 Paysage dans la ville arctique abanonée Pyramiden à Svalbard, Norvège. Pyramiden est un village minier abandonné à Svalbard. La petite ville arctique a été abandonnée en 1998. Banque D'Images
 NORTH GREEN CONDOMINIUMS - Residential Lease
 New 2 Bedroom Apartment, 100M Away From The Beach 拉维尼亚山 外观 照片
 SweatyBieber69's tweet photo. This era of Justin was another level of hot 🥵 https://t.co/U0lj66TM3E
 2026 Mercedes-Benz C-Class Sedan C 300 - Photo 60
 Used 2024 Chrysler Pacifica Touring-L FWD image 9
━━━━━━━━━━━━━━━━
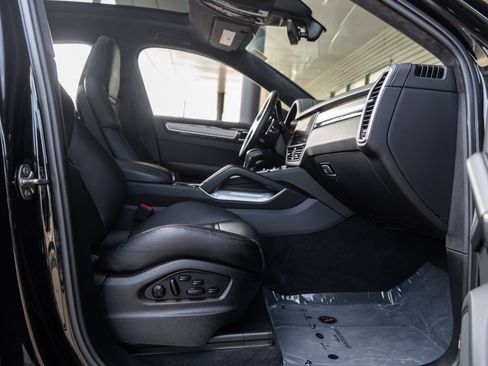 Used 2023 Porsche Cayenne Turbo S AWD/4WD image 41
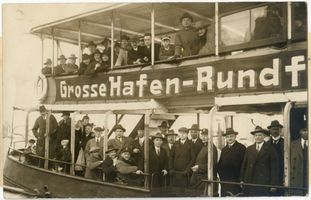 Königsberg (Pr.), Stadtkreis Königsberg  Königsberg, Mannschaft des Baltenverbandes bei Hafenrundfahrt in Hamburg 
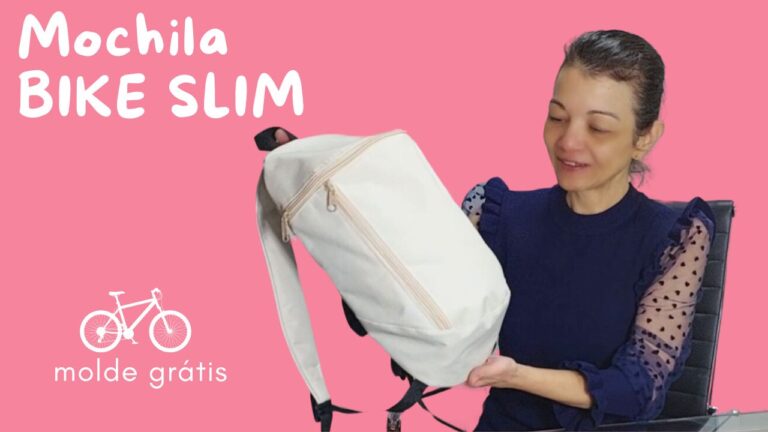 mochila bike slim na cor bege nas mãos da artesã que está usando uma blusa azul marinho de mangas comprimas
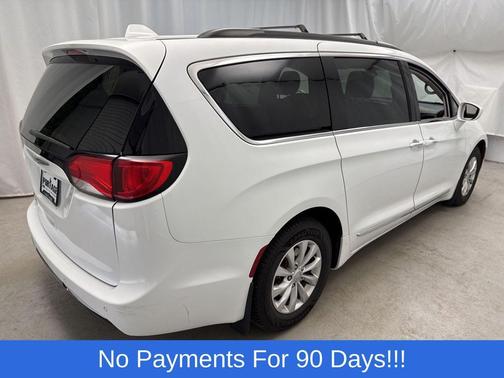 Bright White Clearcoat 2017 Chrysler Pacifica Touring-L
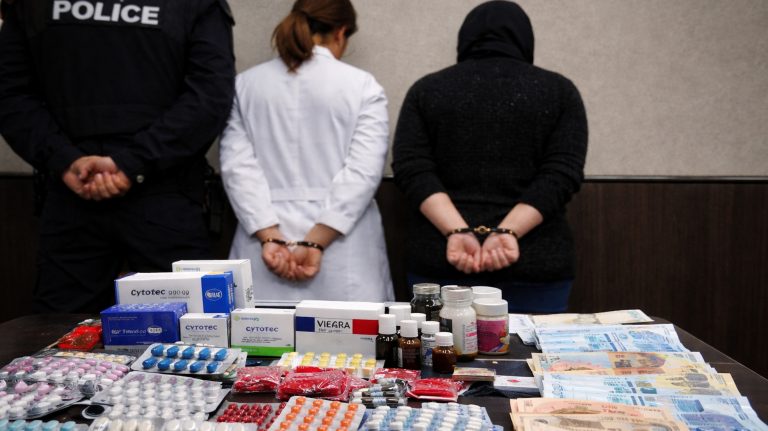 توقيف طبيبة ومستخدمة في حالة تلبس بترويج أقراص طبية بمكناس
━━━━━━━━━━━━━━━━
_Brief_
Reproduce exactly the lines above from the line with "SweatyBieber69's tweet photo." to the line with "Used 2024 Chrysler", including both, and add nothing.

_Task solution_
 SweatyBieber69's tweet photo. This era of Justin was another level of hot 🥵 https://t.co/U0lj66TM3E
 2026 Mercedes-Benz C-Class Sedan C 300 - Photo 60
 Used 2024 Chrysler Pacifica Touring-L FWD image 9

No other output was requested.